It must have been hard to keep calm on receipt of this information. For the past month, Alexander had been lingering along the southern coast of Turkey with his forces widely divided and winter all but upon him; his thoughts had been on the Persian fleet and their dangerously free manoeuvres towards Greece, and he must have hoped for rough autumn weather to close the sailing season early. There were troubles too both within and beyond his high command.
Recently he had received letters from Olympias warning him finally against Alexander the Lyncestian, and it was now, not a year earlier, that he took the step of arresting him in his cavalry command. At the same time, his close friend Harpalus, lame and unsoldierly, had left for Greece across a thoroughly hostile sea to make contacts in the southern Greek harbour town of Megara, presumably to ward off the approaching Persian fleet. Another envoy had gone with him on a still more daring sea journey, across from Greece to south Italy to talk to Olympias's brother King Alexander of Epirus, again no doubt about possible help for Greece by sea. It was a worrying time on all fronts, and now it had been joined by the threat of a Persian grand army.

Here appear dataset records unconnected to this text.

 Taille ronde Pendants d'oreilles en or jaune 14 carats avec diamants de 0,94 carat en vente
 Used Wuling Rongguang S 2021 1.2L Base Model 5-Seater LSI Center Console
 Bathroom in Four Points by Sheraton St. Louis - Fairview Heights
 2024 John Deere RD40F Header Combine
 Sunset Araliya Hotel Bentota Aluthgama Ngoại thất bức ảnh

Never happier than when challenged, Alexander 'assembled his Companion nobles and told them the news; they ordered him to lead them straight ahead exactly as they were. Praising them he broke up the meeting, and on the next day he led them east against Darius and the Persians.' By comparing notes with Xenophon's history, Alexander could calculate that at a reasonable pace, the army would reach the borders of Syria in three days or some twenty-five regular hours on the road. It was not, however, a time for being reasonable and the army was thinned by Parmenion's absence; let the men march at the double and cover the seventy-odd miles within forty-eight hours. The coast road east was level and inviting, and fertile farms lay on either side; where the shore of the Mediterranean bends sharply southwards to Syria, the road hooked round and continued to follow it, with the sea still on Alexander's right and the shadowing Amanid mountains on his left. At the very edge of Cilicia lay the town of Issus, pointing the way to the satrapy of Syria and the south; there Alexander abandoned all stragglers and invalids for whom the march was proving too fast. Meanwhile, Parmenion had come back from, reconnaissance to meet him, and together king and general hurried on to the fortified Gates of Syria, the modem Pillar of Jonah, which the advance force had already captured. A few miles south of this frontier-post they called a halt at Myriandrus, knowing that at last they were within range of the Beilan pass. From here they could cross the edge of the Amanid range and hurry east into Assyria and so, they hoped, into King Darius's encampment before he knew of their approach. By now the evening of the second day was drawing on and the march had stretched the infantry to their utmost; it was a mercy when during the night 'a heavy storm broke and rain fell from heaven in a violent wind. This kept Alexander in his camp.' The implication is that otherwise he would have been back on the road before dawn.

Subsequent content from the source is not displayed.